Apparently. Do you see it?
We spent at least 10 minutes dissecting where exactly this woman is
supposed to be, body parts and all. This is how I know this crossing was
named by a lonely old man - who else sees female silhouettes everywhere
they go?
We hiked up through the cloud forest, gaining elevation rapidly and
watched the vegetation change from lush forest to shrubbery to rock.
It was at this point that my friend admitted the Andes mountains were a
wee bit larger than the hills she was thinking they would be. Don't
judge too harshly, where she’s from they think everything smaller than
the Himalayas are hills. Reinforcements were needed.

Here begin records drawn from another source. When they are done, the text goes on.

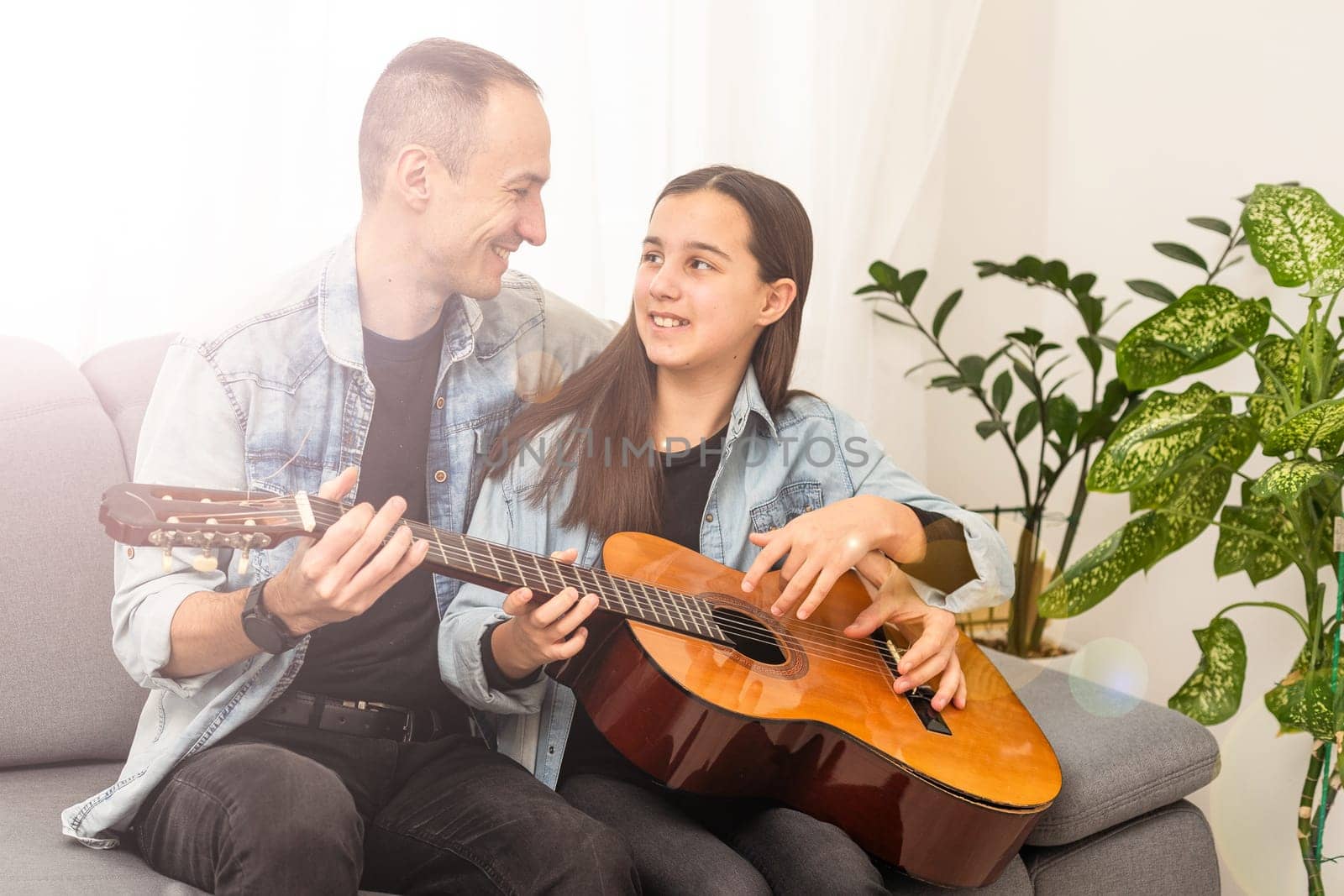 smiling father showing daughter how to play barre chord by Andelov13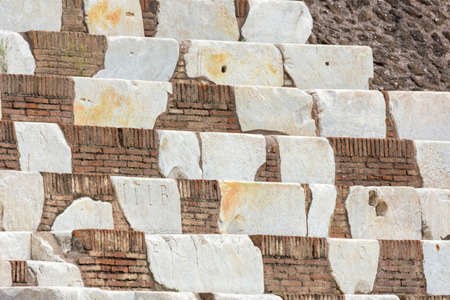 views and details of the colosseum monument in Rome in Italyの写真素材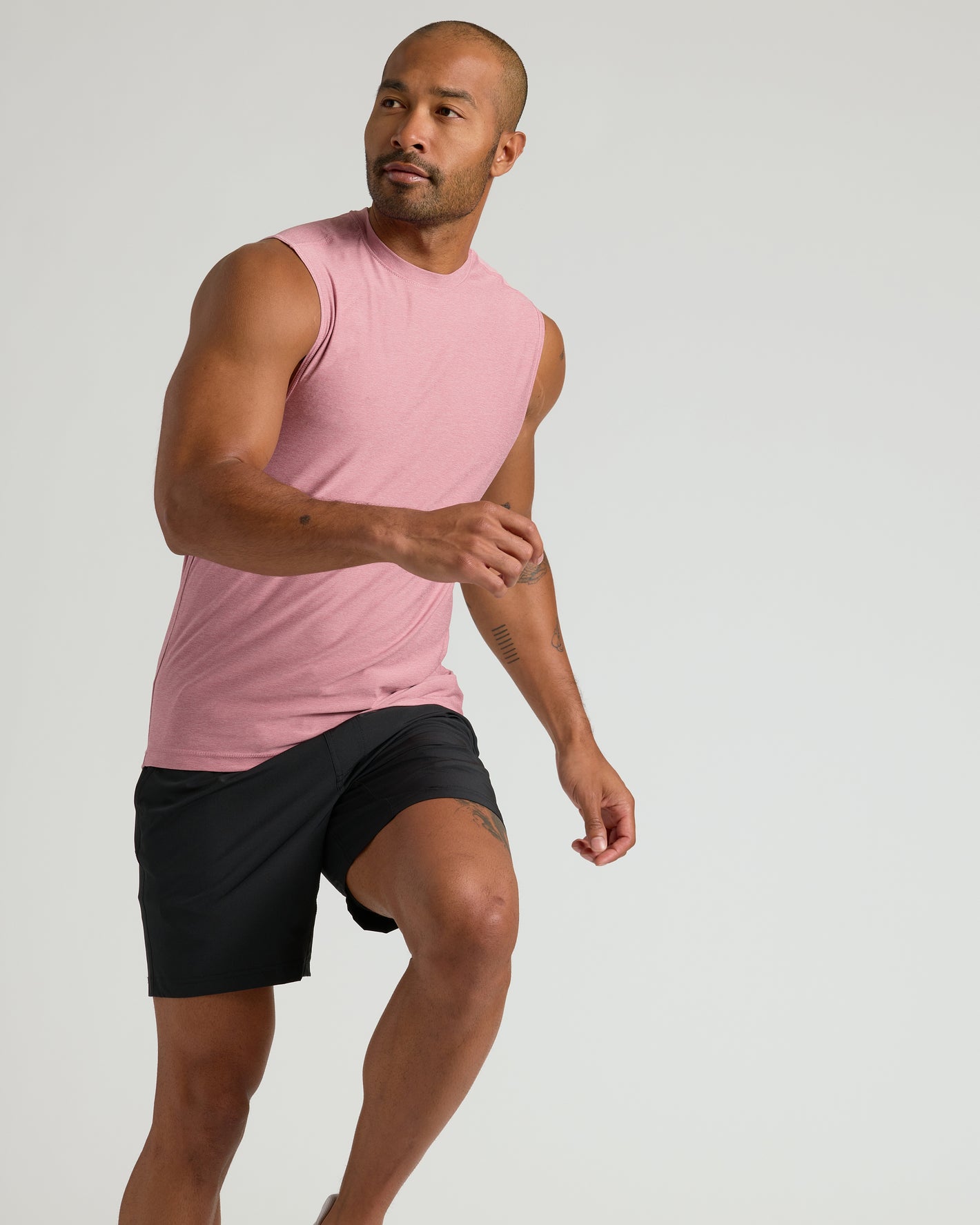 Quartz Rose Sleeveless Active Muscle Tee worn by fit man in motion.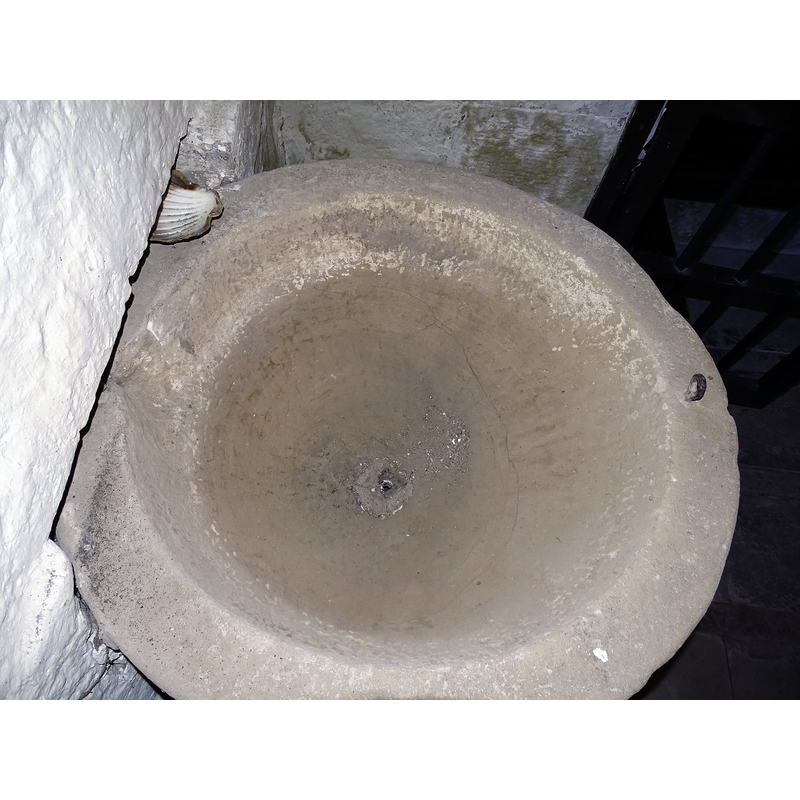 showing the central drain hole, the area of the basin partly built into the back wall and the metal staple in the upper rim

Cue coca leaves, which the locals drink and chew all the time. I first
encountered coca leaves in Cusco, where every establishment greets you
with coca tea and dried leaves are sold on every corner for a quarter.
An ancient folk remedy for many ills, it also polishes teeth and helps
with altitude acclimation. Wow, the magic of chocolate right?
No.
Note - coca, not cacao. Cacao is the chocolate plant. Coca is actually
the main ingredient in a certain white powder known as cocaine.
Oops.
No wonder I had trouble sleeping the first few nights, back when I
thought coca was similar to chamomile. It takes about one ton of coca
leaves to make 1 kilo of cocaine, so a handful of leaves is an
infinitesimally small dose, though Google suggests to not take a drug
test anytime soon. Don't take any leaves back home either, because those
cute customs dogs will rat you out without mercy.
Aside from Peru, Colombia and Bolivia, the rest of the world still
prefers coffee. Party poopers.
🎵If you wanna hang out
You've gotta take her out
Cocaine 🎵
Was this how Eric Clapton's drug habit started?
What comes up must come down. With a second set of wings we steeply descended from the clouds down to our next campsite.